Il inscrivit une mention "R.M.", signifiant "réservé musée" au dos des
cinq œuvres. Lorsqu’il montrait l’une ou l’autre le mercredi soir, il
annonçait leur prochaine destination. Durant ce temps, le projet Cassou
était passé au crible par le seul service qualifié pour les achats
d’œuvres d’art, la direction générale des arts et des lettres, qui
envoya chez Kickert Madame Lamy, inspecteur principal des beaux-arts.
Celle-ci retint seulement le "Cactus". Le chef du bureau des travaux d’art (sic) demanda à Kickert (3)
de fixer le prix auquel il accepterait de céder cette œuvre, en tenant
compte de l’extrême modicité de leurs crédits. Conrad indiqua un
montant de 50. 000 francs, espérant répondre ainsi à leur désir de
rester dans la limite de leurs possibilités. C’était encore trop pour
l’Etat comme le lui fit savoir (4)
la direction des arts et des lettres, en indiquant qu’elle ne pouvait
pas dépasser 35.000 francs pour cet achat. Kickert ne voulut pas donner
son accord. Son dépit et même son amertume venaient en vérité du rejet
de toutes ses autres œuvres, du refus de ce vaste panneau dont il avait
rêvé, qui devait montrer la richesse de son art et qui se réduisait
tout à coup à un seul tableau. Il y avait tellement cru qu’il se
sentait humilié comme si le musée l’avait jeté soudain à la rue.

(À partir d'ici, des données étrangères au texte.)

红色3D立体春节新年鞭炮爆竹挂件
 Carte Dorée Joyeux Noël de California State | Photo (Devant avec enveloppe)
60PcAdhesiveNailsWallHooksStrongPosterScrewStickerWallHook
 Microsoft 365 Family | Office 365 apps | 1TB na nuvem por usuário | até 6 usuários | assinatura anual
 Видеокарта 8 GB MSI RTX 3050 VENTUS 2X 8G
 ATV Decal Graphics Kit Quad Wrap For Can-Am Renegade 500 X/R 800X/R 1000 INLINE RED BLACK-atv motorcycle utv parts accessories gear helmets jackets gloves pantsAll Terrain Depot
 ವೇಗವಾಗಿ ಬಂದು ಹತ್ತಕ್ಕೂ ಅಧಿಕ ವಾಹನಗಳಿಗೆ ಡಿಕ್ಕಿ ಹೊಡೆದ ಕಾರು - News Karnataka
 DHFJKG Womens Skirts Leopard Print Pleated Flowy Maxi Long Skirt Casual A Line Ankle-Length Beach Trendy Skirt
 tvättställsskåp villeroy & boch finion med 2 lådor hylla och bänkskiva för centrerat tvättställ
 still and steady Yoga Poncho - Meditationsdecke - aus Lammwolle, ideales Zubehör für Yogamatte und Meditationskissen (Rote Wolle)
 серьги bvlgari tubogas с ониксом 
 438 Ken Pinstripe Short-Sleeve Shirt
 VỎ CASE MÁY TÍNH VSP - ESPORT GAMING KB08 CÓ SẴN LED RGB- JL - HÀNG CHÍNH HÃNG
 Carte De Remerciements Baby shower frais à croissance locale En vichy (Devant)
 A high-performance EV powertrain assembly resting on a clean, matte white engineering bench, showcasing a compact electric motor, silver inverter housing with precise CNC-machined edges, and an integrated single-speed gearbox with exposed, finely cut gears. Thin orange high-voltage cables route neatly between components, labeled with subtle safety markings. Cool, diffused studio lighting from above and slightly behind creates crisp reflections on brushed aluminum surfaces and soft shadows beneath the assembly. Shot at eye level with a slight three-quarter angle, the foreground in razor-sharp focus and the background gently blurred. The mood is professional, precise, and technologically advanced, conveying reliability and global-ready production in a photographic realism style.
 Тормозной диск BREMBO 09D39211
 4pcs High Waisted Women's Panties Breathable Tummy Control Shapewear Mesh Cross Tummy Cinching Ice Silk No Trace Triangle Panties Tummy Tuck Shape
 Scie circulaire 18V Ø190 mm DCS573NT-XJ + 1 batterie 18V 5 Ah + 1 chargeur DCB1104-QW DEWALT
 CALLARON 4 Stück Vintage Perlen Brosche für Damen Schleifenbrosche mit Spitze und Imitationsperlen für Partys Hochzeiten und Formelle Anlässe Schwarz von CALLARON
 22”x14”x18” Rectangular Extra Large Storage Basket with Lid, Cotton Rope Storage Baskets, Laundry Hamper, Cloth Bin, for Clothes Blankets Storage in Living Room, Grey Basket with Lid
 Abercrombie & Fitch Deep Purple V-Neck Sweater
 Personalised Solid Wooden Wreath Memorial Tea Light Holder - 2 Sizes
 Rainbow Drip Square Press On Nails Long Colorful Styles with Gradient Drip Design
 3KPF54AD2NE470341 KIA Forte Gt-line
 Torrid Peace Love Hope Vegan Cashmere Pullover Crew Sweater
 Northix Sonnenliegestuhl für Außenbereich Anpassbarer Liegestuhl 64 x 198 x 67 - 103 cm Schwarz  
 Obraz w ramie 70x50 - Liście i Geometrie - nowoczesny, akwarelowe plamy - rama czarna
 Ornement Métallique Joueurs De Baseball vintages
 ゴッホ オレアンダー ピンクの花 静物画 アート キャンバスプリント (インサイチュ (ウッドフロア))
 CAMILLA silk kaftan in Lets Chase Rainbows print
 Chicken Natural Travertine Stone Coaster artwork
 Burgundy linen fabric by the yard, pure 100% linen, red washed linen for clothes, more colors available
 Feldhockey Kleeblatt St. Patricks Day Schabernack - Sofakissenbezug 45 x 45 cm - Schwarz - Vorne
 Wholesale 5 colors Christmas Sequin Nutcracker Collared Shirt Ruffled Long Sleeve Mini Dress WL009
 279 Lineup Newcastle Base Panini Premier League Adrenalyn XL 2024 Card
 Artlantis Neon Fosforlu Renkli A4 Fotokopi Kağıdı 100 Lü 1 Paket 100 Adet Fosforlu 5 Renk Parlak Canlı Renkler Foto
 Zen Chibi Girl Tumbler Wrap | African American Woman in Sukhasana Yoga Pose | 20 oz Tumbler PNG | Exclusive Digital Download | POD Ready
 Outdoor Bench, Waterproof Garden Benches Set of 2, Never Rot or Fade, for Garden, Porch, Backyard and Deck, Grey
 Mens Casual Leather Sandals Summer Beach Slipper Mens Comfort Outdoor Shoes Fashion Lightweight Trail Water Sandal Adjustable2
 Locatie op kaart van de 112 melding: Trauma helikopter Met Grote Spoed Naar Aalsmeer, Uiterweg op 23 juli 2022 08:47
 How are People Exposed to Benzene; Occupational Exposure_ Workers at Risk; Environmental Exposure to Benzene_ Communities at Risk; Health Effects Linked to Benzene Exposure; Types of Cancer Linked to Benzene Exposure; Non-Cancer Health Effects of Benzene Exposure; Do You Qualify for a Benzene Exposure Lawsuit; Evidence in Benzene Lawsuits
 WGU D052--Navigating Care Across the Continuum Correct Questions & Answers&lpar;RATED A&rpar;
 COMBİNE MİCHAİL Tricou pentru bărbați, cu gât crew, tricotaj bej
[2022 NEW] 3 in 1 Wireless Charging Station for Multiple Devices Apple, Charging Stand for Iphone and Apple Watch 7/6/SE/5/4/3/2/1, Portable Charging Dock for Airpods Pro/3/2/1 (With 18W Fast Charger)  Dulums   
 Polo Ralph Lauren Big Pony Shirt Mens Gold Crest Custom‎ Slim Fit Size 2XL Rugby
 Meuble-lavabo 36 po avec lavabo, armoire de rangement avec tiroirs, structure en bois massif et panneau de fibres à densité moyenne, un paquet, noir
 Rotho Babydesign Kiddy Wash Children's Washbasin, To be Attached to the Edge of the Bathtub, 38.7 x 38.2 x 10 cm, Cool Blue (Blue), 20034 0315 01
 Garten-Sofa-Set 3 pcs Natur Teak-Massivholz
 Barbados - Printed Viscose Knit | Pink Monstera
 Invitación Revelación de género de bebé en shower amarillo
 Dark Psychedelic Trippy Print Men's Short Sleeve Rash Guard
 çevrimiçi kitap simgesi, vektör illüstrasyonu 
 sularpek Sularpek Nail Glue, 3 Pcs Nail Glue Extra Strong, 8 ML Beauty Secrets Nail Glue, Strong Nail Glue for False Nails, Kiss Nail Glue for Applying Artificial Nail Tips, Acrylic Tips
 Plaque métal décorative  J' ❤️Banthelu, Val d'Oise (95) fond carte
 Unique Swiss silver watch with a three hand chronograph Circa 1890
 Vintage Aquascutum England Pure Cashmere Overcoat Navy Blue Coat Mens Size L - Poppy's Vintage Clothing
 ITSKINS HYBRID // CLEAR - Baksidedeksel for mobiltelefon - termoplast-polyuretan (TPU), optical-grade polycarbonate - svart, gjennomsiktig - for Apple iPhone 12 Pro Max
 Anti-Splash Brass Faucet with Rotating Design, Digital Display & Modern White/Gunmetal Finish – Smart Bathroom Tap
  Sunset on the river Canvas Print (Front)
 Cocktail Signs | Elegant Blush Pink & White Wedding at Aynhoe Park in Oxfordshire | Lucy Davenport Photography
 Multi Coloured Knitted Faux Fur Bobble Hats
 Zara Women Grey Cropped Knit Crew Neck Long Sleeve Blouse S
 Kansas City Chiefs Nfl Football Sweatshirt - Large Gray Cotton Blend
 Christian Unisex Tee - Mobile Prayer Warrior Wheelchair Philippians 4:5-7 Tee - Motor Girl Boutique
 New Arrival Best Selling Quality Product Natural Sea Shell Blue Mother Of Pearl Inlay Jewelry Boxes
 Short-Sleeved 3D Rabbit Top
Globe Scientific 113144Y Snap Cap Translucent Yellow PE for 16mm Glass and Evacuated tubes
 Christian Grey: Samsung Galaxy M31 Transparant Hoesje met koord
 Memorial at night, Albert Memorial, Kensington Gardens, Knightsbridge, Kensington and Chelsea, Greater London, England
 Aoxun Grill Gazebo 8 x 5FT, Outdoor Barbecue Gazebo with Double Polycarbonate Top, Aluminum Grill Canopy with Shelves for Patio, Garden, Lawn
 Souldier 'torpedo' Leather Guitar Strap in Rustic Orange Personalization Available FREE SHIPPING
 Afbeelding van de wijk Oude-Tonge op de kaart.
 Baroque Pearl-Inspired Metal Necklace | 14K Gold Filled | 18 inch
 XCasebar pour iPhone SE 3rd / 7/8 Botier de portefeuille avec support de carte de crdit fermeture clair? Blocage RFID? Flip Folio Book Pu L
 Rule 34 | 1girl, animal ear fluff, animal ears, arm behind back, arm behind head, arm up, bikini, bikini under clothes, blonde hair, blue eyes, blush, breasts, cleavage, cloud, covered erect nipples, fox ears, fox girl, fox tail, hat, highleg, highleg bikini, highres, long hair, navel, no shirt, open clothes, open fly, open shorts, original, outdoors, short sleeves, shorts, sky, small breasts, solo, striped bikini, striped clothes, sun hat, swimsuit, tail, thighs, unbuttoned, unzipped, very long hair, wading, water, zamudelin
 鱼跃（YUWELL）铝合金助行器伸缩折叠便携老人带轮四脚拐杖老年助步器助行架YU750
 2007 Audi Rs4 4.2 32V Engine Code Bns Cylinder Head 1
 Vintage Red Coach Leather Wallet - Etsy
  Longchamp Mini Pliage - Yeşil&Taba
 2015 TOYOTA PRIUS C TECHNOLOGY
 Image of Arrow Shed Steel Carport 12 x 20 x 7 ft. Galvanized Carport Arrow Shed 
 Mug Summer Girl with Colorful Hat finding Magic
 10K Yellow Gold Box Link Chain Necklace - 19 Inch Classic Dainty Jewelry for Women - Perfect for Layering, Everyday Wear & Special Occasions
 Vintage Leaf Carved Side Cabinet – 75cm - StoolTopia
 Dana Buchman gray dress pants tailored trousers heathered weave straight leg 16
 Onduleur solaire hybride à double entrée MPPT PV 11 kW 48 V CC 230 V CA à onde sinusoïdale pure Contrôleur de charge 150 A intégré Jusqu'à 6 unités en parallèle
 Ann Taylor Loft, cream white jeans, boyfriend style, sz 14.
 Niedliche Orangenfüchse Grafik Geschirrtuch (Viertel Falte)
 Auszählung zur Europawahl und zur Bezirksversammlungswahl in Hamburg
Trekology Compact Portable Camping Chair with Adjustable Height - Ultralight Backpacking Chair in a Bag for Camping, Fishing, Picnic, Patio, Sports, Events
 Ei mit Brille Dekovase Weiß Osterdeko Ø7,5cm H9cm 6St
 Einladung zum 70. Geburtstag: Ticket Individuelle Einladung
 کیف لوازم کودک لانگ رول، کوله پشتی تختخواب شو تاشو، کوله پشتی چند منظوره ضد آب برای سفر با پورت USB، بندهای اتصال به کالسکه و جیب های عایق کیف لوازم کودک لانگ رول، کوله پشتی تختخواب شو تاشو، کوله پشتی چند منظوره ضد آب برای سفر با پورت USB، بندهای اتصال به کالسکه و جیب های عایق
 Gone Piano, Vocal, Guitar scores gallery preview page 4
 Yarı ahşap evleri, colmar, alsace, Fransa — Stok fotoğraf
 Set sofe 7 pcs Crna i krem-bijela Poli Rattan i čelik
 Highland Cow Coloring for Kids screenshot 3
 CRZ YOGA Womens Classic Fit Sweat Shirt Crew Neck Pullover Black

Cette déconvenue n’entama en rien pourtant sa volonté de continuer son
œuvre. A la veille des ses soixante-dix ans, il gardait au service de
son idéal l’enthousiasme de la trentaine. Et cela dura encore pendant
quatorze ans. L’événement, c’est cela, et il faut l’étudier dans ses
divers aspects, même s’il est inutile de suivre une chronologie
annuelle. Les chapitres suivants évoqueront successivement :
- les envois aux salons, dès lors son seul contact avec le public,
- sa vie sociale : les collègues, les élèves, les amis, les amateurs de ses œuvres tant en France qu’aux Pays-Bas,
- un survol du travail de ces quatorze années.
(1) : Les cinq œuvres en question
qui auraient rejoint "la Belle Fermière" en possession du musée depuis
1925, étaient "Eve de Montparnasse" (Opus 47-08), "la Porte du
Lion" (Opus 43-11), un autoportrait (Opus 51-03),
"l’Inconnue" (Opus 46-16) et aussi "Cactus" (Opus 42-04) qui
appartient aujourd’hui au musée des Années trente
(Boulogne-Billancourt).
(2) : Le musée fut ensuite transporté au centre Georges-Pompidou, rue Beaubourg.
(3) : Par lettre du 26 mai 1951.
(4) : Par lettre du 10 juillet 1951.